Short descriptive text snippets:

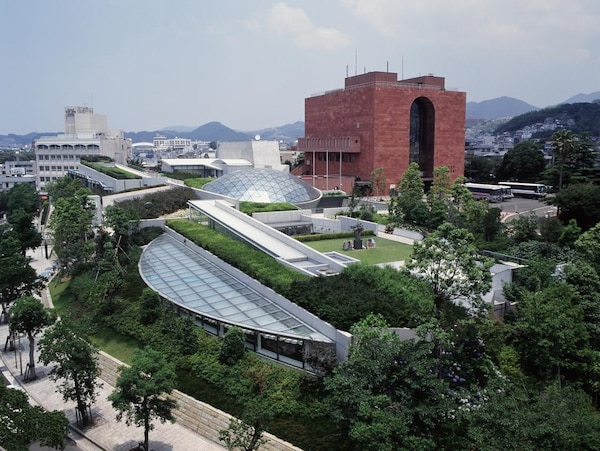 6. พิพิธภัณฑ์ระเบิดปรมาณู Nagasaki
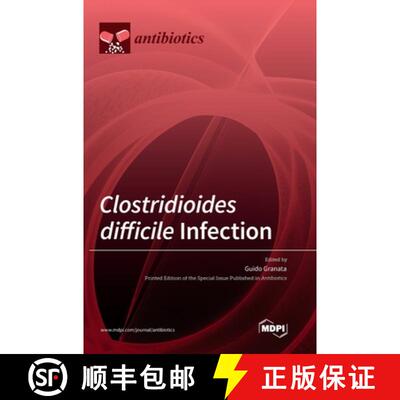 【3-4周达】Clostridioides difficile Infection [9783036538785]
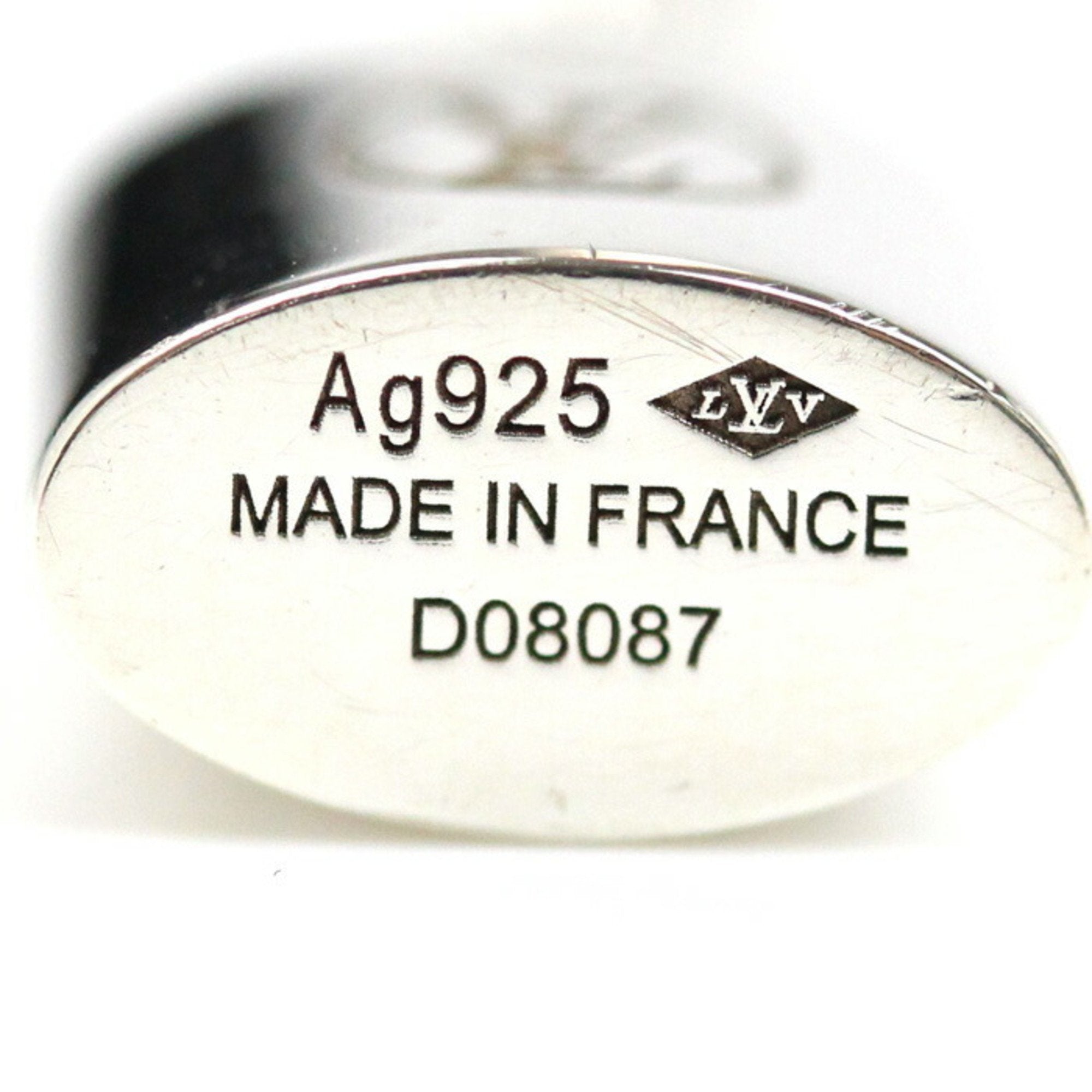Lockit Pendant Necklace Sterling Silver
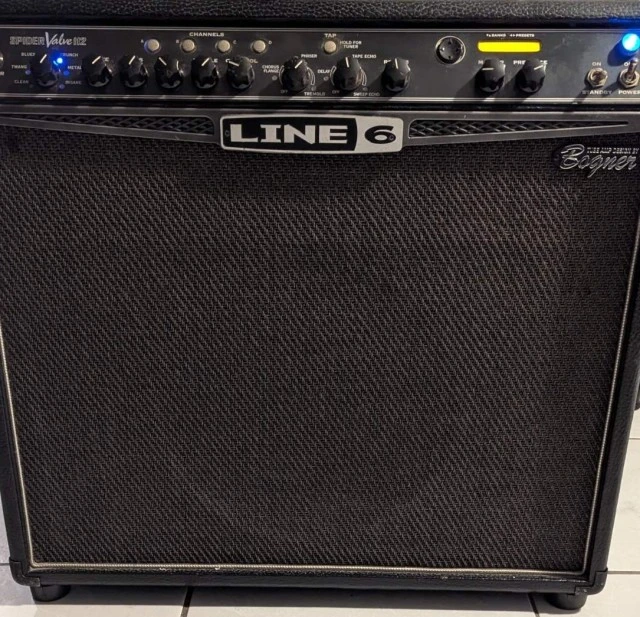 Line 6 Spider Valve MKI 112 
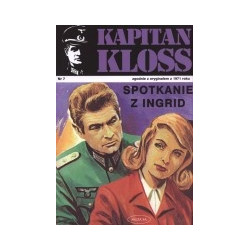 Kapitan Kloss 7. Spotkanie z Ingrid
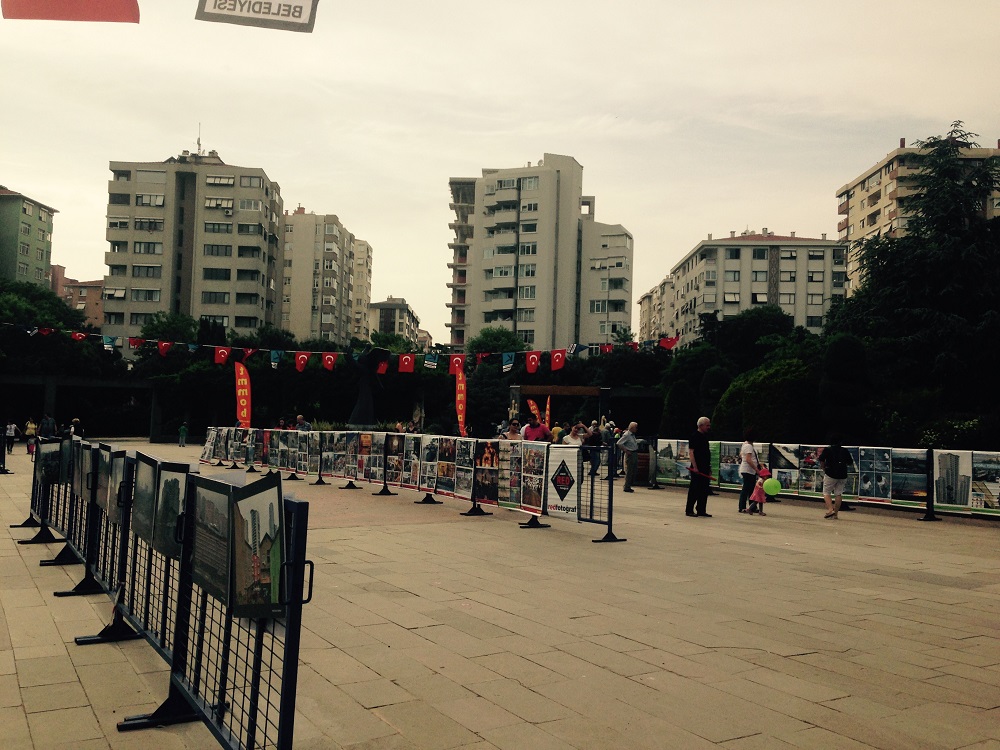 3. TMMOB KENT VE DEMOKRASİ ŞENLİĞİ’NDEYDİK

Required work
Every picture stays out; reproduce exactly the lines from the one with "Line 6 Spider Valve MKI 112" through the last line of the data above.

Result
 Line 6 Spider Valve MKI 112 
 Kapitan Kloss 7. Spotkanie z Ingrid
 3. TMMOB KENT VE DEMOKRASİ ŞENLİĞİ’NDEYDİK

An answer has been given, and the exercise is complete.